Dai principi di diritto espressi in tali arresti giurisprudenziali si deve desumere che:

- qualora non previsto da specifiche disposizioni legislative non vi è alcun obbligo sanzionato di contraddittorio endoprocedimentale nella fase di attuazione autoritativa dei tributi, salvo che per l'IVA, ciò derivando dal diritto eurounitario, ma in questo caso con necessità che il giudice del merito valuti la "non pretestuosità" della opposizione del contribuente ("prova di resistenza");

- che la nullità (invalidità) di un atto impositivo non possa che derivare da specifiche previsioni, peraltro assenti nel caso di omessa motivazione nell'avviso a riscontro delle difese endoprocedimentali del contribuente.

Orbene, nel caso di specie sarebbe sufficiente notare che, trattandosi di attività di verifica non espletata presso il contribuente, ma derivante da accertamenti presso società delle quali il contribuente stesso era socio, comunque non poteva trovare applicazione l'art. 12, comma 7, legge 212/2000, né per quanto riguarda il termine dilatorio né per quanto riguarda la "valutazione" delle difese del contribuente medesimo in tale disposizione legislativa previsti.

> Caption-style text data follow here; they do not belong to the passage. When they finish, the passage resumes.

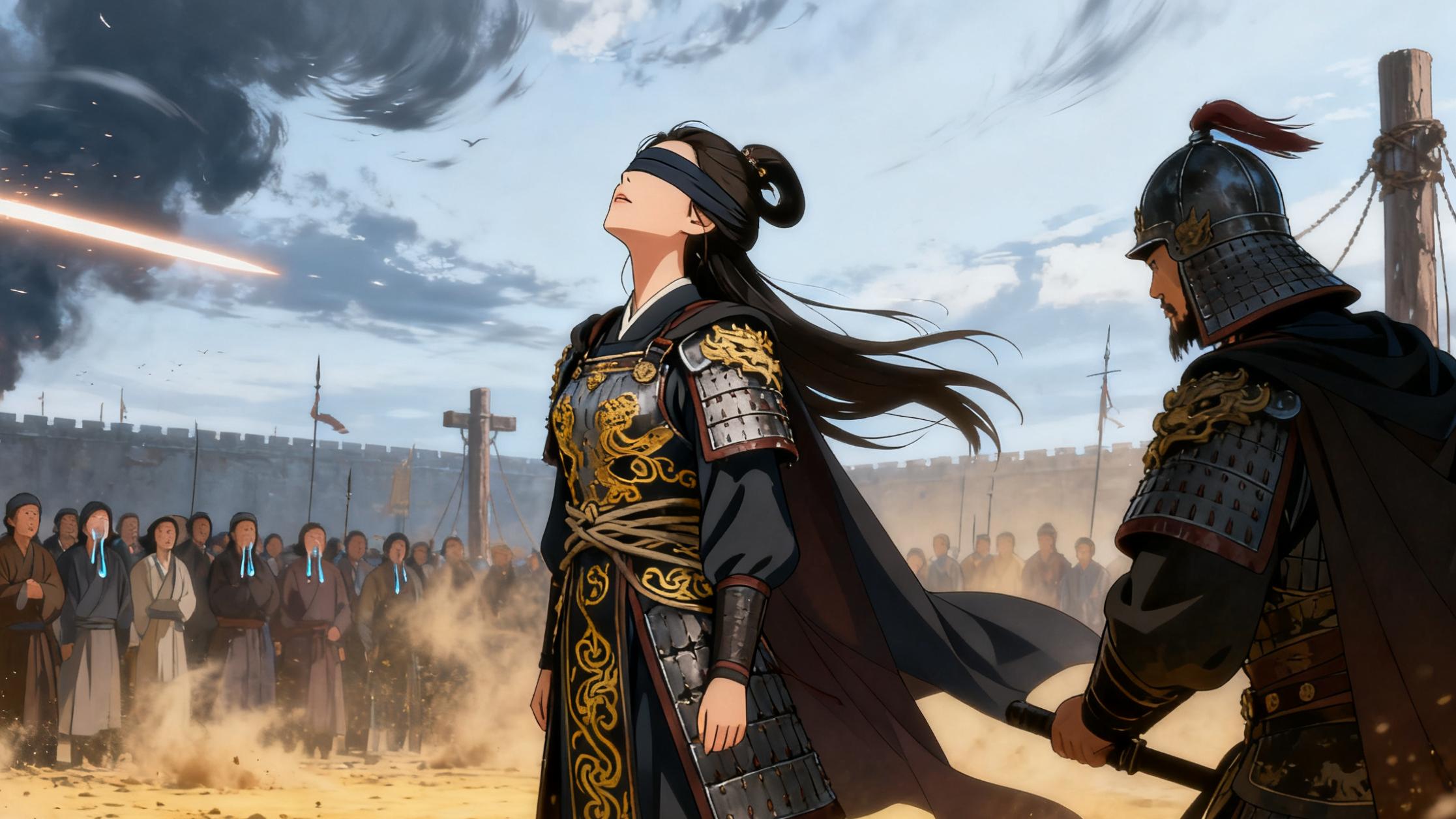 毛皇后（苻登妻）：战败被俘，宁死不屈的烈女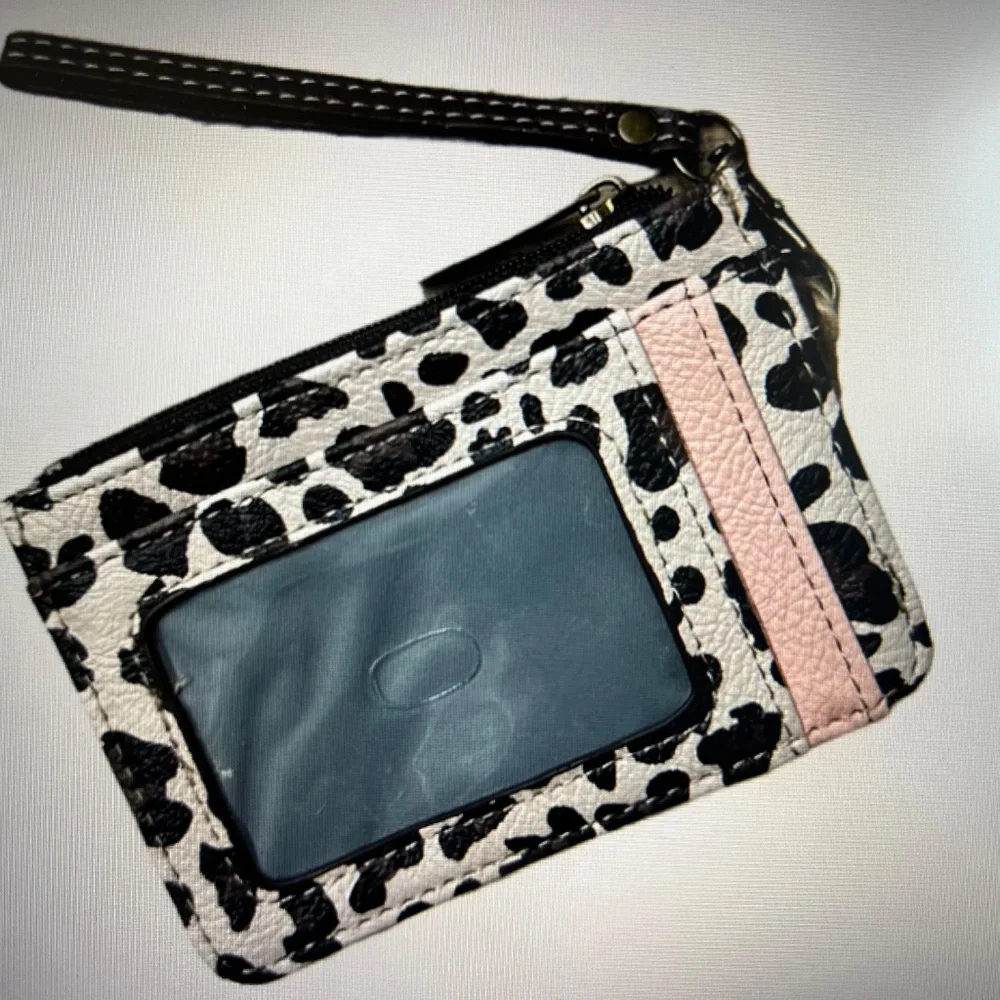 Catchfly Ladies Tie Dye Card and Keys Coin Purse Wallet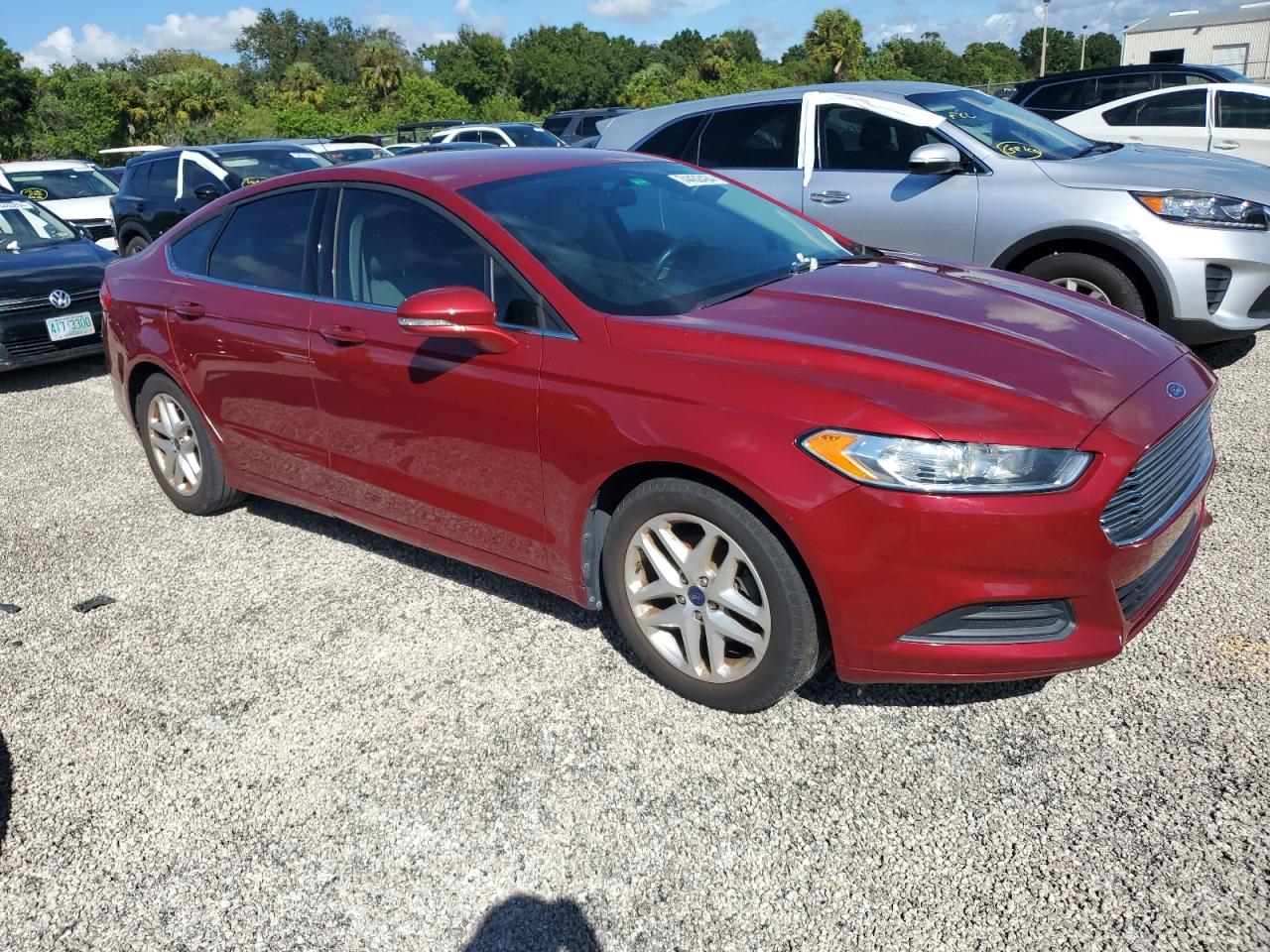 2016 Ford Fusion VIN 1FA6P0H70G5123694 Copart auction photo, water/flood damage thumbnail 4
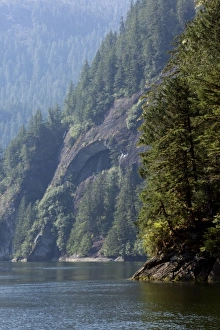 USA, Alaska, Misty Fjords National Park
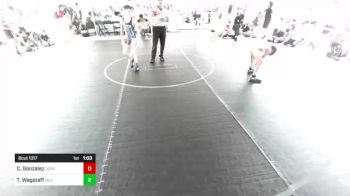 88 lbs Rr Rnd 3 - J.j. Beauvais, Grindhouse WC vs Chrystian Owens, Mohave WC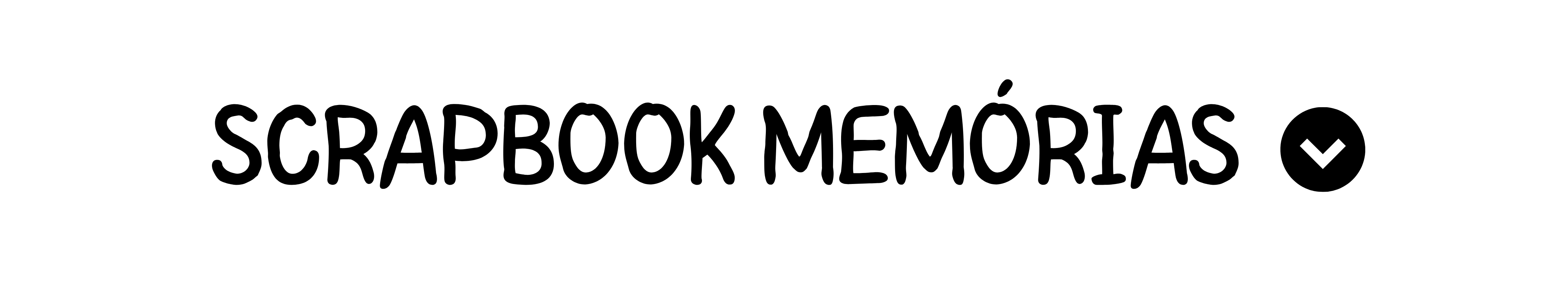 Scrapbook Memórias
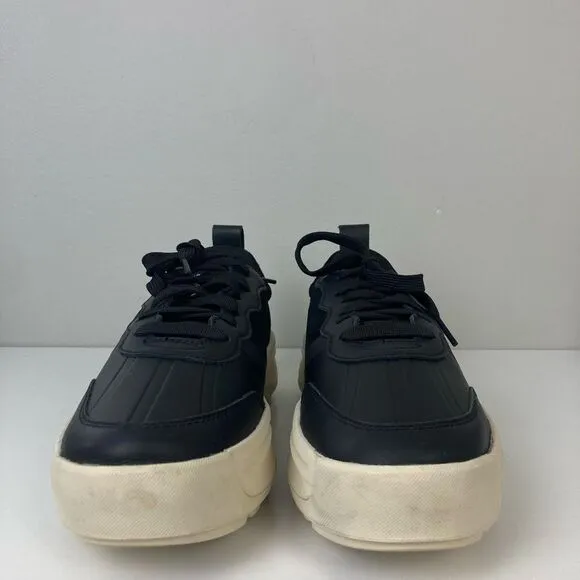 Sorel Women's Ona 503 Everyday Low Top Platform Sneakers Chunky Black Chalk 11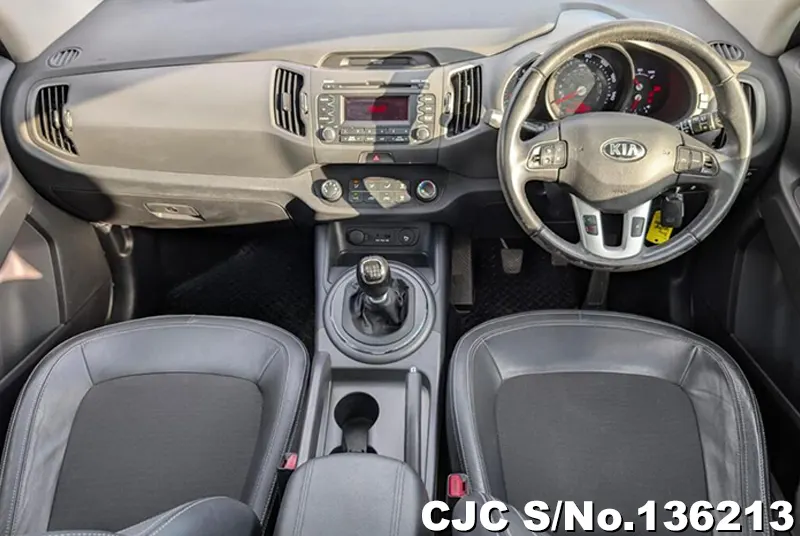 Kia Sportage in Black for Sale Image 7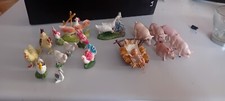 Animali presepe come usato  Italia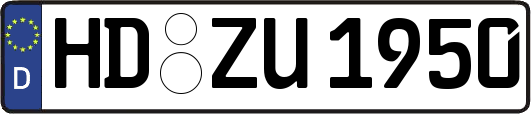 HD-ZU1950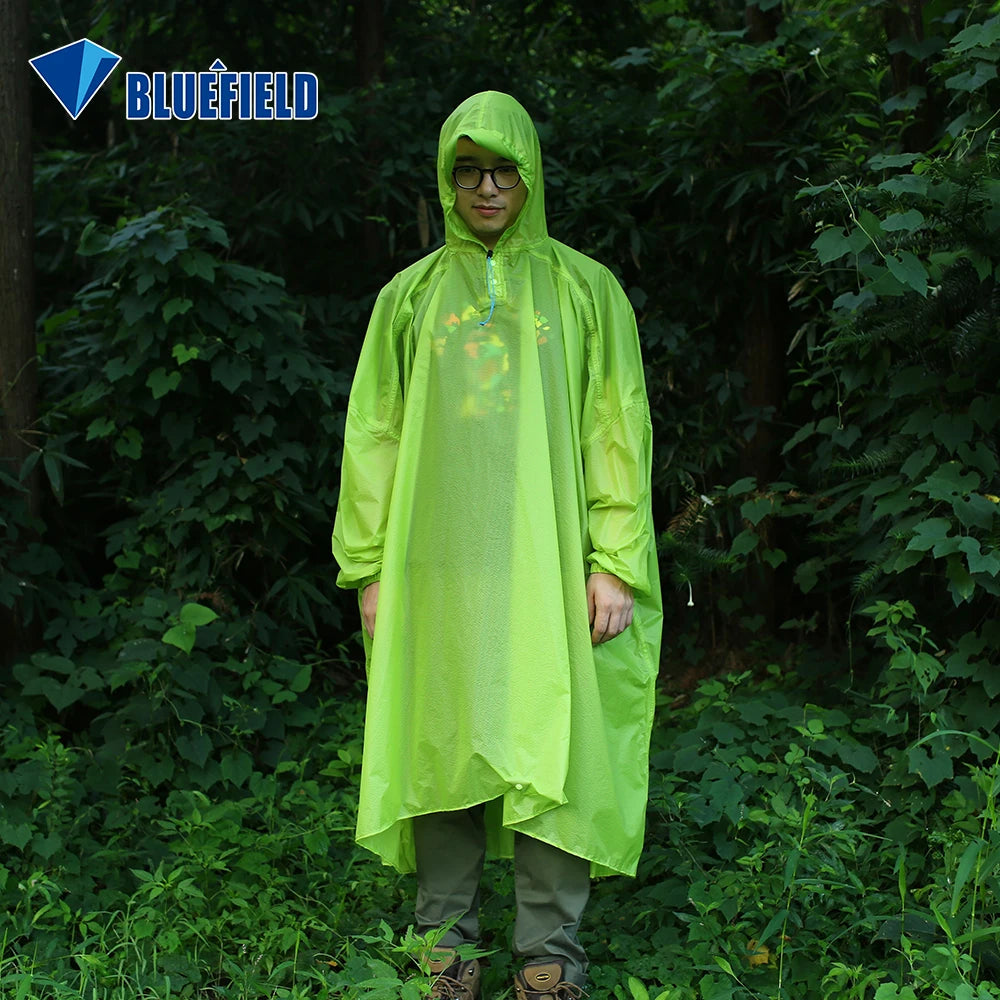 
                  
                    Outdoor Lightweight Waterproof Water-resistant Climbing Bag Backpack Raincoat Poncho Rain Cover For Camping Hiking Travel
                  
                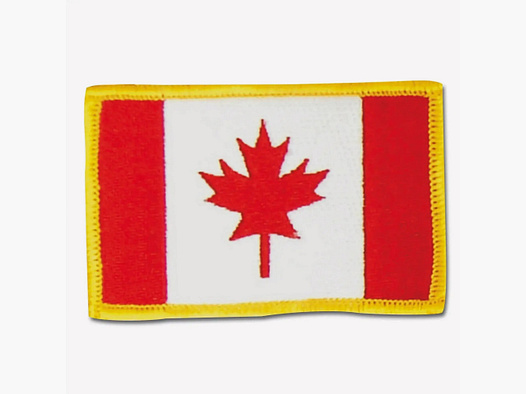 Bundeswehr Original Badge Flag Canada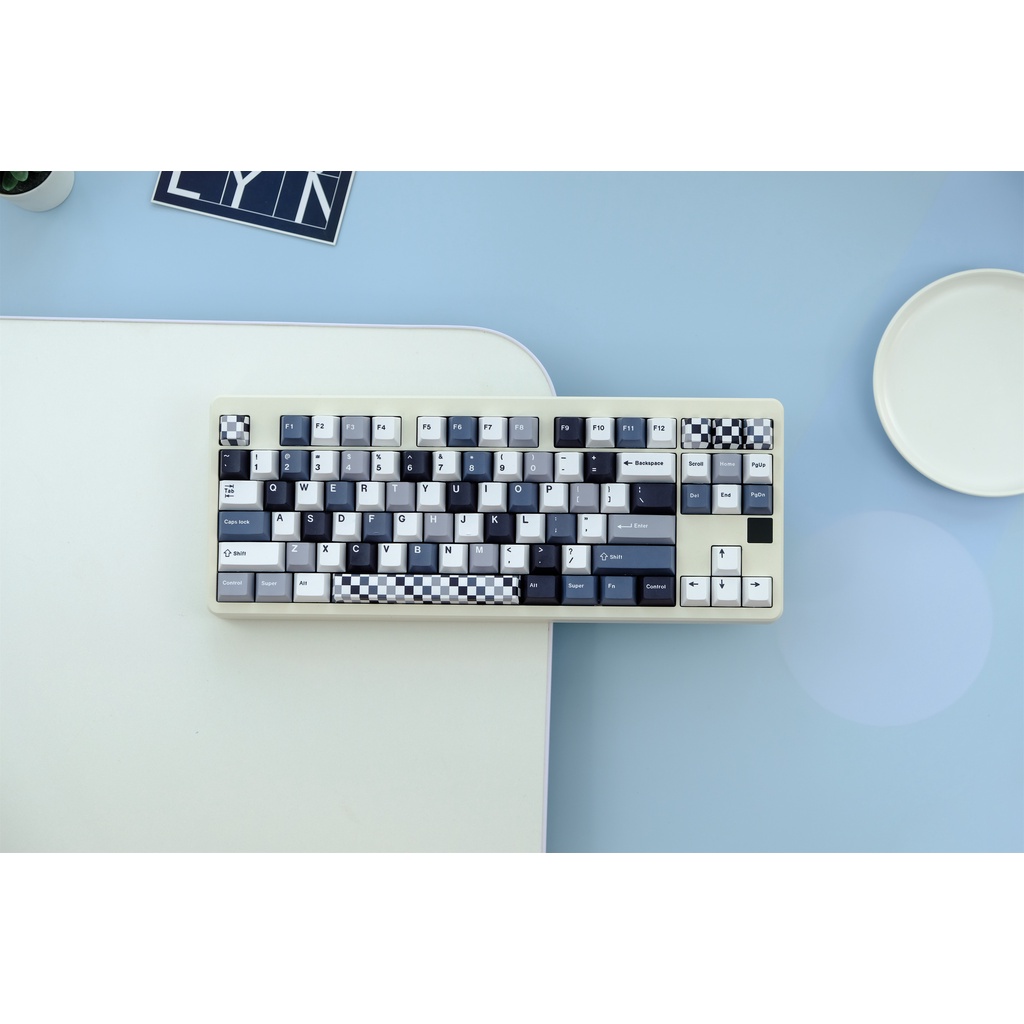 GMK Mosaic Keycaps, 134 phím PBT Keycaps Cherry Profile DYE-SUB Cá nhân hóa GMK Keycaps cho bàn phím cơ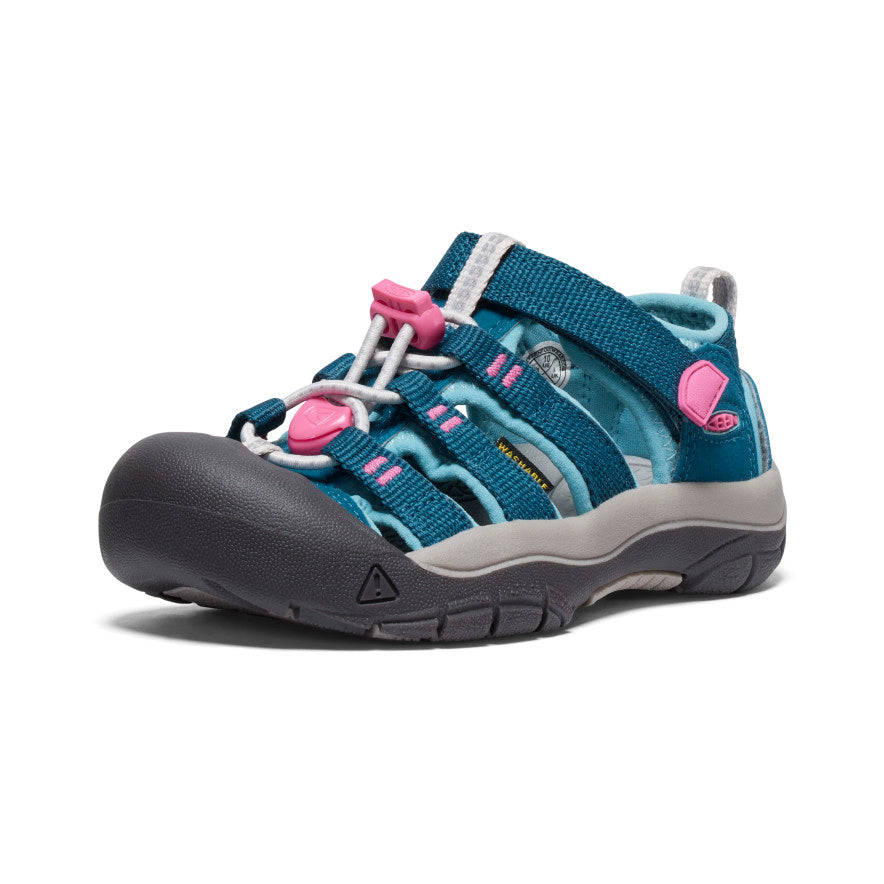 Little Kids' Newport H2 | Legion Blue/Hot Pink | KEEN Footwear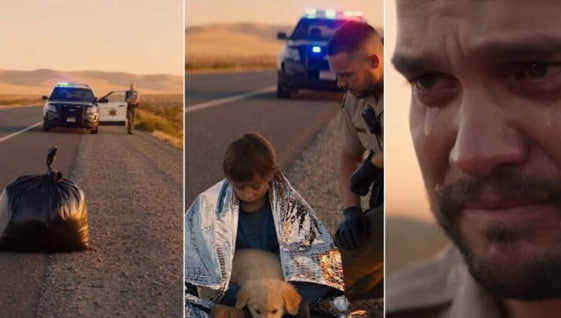 I Cut Open a Black Trash Bag on the Roadside—What I Found Broke Me as a Cop and a Man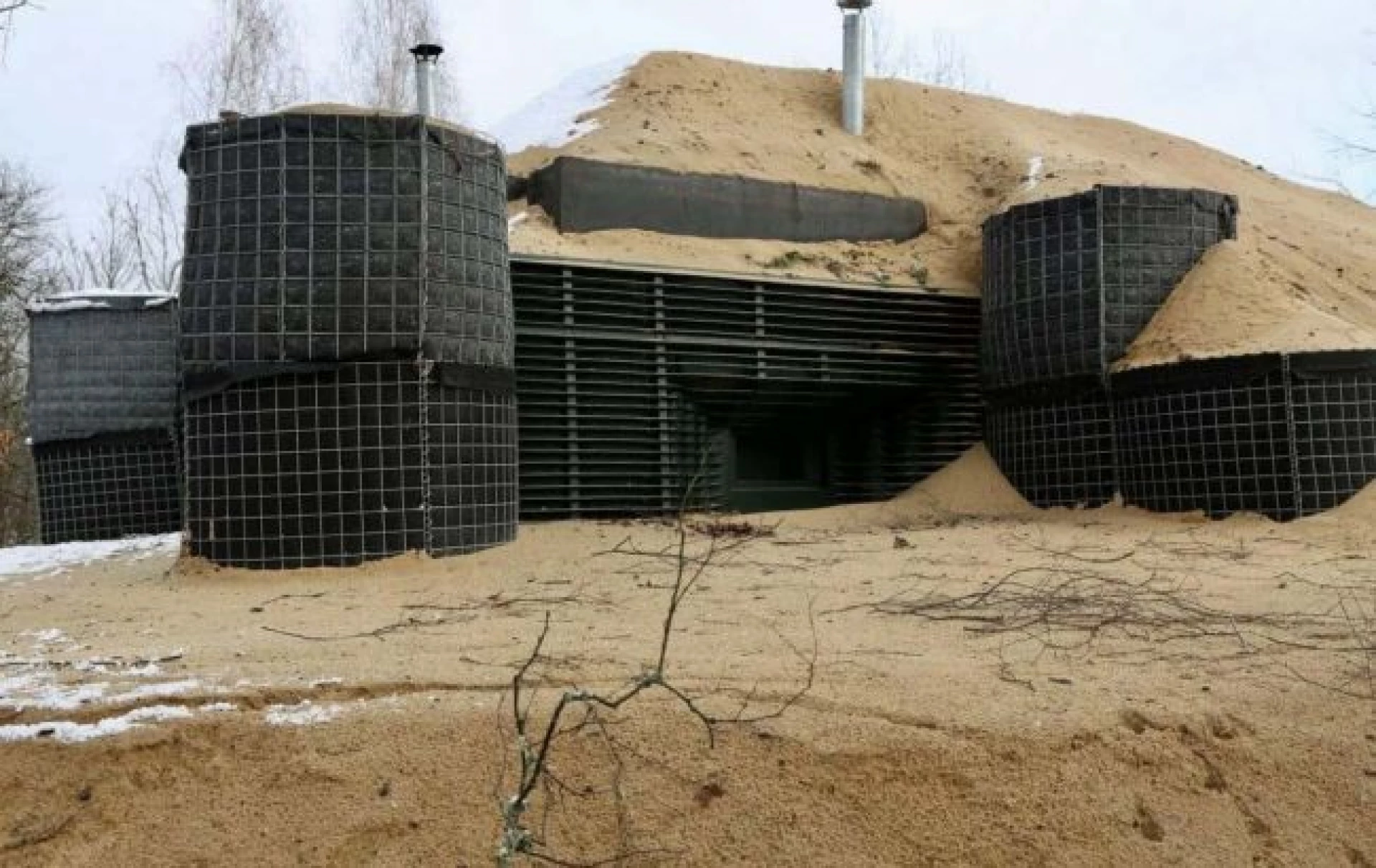 На Київщині будують нові фортифікації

Peraltro, secondo un canone di comune logica, seguendo il secondo arresto giurisprudenziale citato, se non vi può essere declaratoria di illegittimità dell'atto impositivo in caso di motivazione omessa sulle difese endoprocedimentali del contribuente, a maggior ragione nemmeno vi può essere qualora, come nel caso di specie, vi sia una espressa dichiarazione di omissione, peraltro motivata e giustificata dall'imminente scadere del termine decadenziale per l'emanazione dell'avviso di accertamento.

Infatti l'effetto giuridico dell'omessa motivazione è comunque equivalente all'omessa valutazione e comunque in entrambi i casi non vi è alcuna espressa comminatoria normativa di invalidità.

Pertanto non è corretta la contraria affermazione contenuta nella sentenza impugnata, che appare basata sull'erronea interpretazione del principio di diritto de quo analogamente affermato da questa Corte in una precedente pronuncia (la già citata Sez. 5, Sentenza n. 3583 del 24/02/2016, Rv. 639031 - 01).

La sentenza impugnata va dunque cassata in relazione al motivo dedotto, con rinvio al giudice a quo per nuovo esame.

 

P.Q.M.

 

Accoglie il ricorso, cassa la sentenza impugnata e rinvia alla Commissione tributaria regionale dell'Abruzzo, in diversa composizione, anche per le spese del presente giudizio.